I have discovered that there comes a point in time in ones’
life (my life) that acceptance needs to be implemented. I have tolerated more than my fair share of
heartache and pain, of both the physical and emotional variety. I have
constructed every last bit on my own and I have emphatically decided that it is
time I stand up for myself, accept what has been done and create a new life,
walk down an out of the way trail with my head high, devising a new plan of
attack, in a manner of speaking, abandoning all that has been, looking forward
to what is yet to be. I must admit that
I am intimidated by such thought provoking notions, that perhaps I just may get
ALL that my HEART desires (and really it isn’t much). I’ve been trying to balance the beam alone
for so long that I’ve forgotten there are others’ willing to make the ride less
daunting. I know what it is that should
be done, however; the realization that I may in turn be ‘HAPPY’ scares me even
more so than I assume it should.
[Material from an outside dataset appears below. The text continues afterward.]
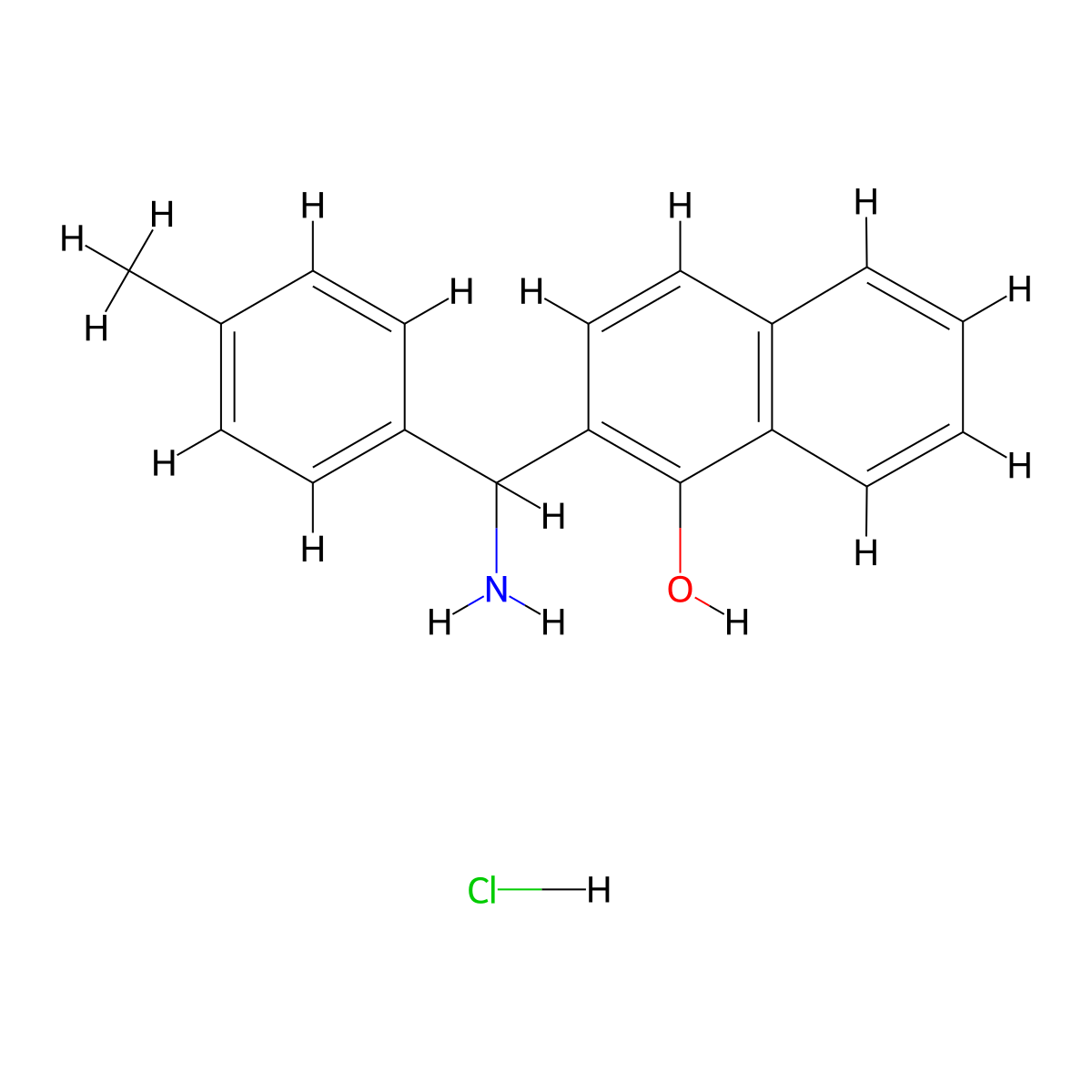2-(Amino-p-tolyl-methyl)-naphthalen-1-ol hydrochloride molecular structure, CAS 736173-19-6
It’s a
never ending task I’ve set before myself, and I know that some days are going
to be worse than others’ and that it takes time to heal ALL wounds. I am willing at this very moment to take all
of that clutter out of the closet, stuff it in bags and toss them for good. I
can’t say whether or not something somewhere may or may not crop up, yet I am
still willing. WHEWWWW!!! Here we go! Wish me LUCK!